Problem to work on -> Return, word for word, only the lines of the data below that lie between the line with "A woman holds" and the line with "a table topped", those two lines included.

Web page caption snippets
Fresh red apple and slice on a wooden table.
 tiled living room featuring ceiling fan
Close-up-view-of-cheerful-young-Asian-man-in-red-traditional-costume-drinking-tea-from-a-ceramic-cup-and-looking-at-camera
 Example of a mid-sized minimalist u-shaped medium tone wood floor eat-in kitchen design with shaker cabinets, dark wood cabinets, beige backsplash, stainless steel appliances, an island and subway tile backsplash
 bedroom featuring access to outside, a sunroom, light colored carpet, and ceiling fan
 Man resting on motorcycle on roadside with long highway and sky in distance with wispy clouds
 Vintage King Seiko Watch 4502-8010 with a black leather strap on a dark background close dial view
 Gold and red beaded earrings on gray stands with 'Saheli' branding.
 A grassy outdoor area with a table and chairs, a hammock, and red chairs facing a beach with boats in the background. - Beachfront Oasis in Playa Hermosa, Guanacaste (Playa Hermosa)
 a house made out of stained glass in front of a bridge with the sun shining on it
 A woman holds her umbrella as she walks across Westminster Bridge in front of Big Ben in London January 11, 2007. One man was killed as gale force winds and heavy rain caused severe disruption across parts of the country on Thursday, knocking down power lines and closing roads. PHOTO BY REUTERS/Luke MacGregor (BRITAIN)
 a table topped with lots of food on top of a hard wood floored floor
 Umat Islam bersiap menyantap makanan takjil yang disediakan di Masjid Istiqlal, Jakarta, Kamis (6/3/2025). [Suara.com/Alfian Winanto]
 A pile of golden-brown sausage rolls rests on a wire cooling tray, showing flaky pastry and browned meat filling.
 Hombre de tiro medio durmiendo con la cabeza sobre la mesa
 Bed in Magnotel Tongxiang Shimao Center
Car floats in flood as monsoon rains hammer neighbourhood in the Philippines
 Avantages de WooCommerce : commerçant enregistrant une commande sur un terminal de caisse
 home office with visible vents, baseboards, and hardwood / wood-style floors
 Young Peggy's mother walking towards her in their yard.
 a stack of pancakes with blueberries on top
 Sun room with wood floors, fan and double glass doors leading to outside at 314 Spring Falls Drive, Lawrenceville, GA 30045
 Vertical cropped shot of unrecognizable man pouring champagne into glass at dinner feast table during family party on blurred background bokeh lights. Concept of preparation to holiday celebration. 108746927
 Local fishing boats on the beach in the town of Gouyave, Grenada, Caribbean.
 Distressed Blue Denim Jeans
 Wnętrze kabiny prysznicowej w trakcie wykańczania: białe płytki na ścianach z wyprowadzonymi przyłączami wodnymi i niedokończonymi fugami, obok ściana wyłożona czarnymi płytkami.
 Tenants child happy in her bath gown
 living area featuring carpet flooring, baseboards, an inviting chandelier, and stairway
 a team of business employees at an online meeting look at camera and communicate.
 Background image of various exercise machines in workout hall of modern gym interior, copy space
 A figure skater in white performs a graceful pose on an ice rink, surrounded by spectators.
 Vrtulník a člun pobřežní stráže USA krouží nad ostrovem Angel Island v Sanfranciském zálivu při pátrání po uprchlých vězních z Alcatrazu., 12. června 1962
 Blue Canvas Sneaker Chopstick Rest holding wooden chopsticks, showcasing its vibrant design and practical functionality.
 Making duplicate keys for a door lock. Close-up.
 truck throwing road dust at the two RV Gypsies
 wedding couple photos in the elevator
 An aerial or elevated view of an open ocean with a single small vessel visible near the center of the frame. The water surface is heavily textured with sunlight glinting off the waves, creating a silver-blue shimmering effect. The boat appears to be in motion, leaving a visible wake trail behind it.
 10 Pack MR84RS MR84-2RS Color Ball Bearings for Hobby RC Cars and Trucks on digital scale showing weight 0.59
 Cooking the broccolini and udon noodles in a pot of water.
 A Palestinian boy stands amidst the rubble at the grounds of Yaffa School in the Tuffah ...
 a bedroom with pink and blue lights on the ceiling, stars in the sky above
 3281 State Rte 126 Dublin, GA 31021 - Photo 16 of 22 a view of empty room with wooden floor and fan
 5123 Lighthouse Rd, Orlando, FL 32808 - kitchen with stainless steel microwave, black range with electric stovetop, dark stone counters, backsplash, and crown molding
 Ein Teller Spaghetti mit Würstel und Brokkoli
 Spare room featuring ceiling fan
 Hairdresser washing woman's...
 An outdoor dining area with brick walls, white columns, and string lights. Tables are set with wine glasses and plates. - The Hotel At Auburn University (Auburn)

Result of the task ->
 A woman holds her umbrella as she walks across Westminster Bridge in front of Big Ben in London January 11, 2007. One man was killed as gale force winds and heavy rain caused severe disruption across parts of the country on Thursday, knocking down power lines and closing roads. PHOTO BY REUTERS/Luke MacGregor (BRITAIN)
 a table topped with lots of food on top of a hard wood floored floor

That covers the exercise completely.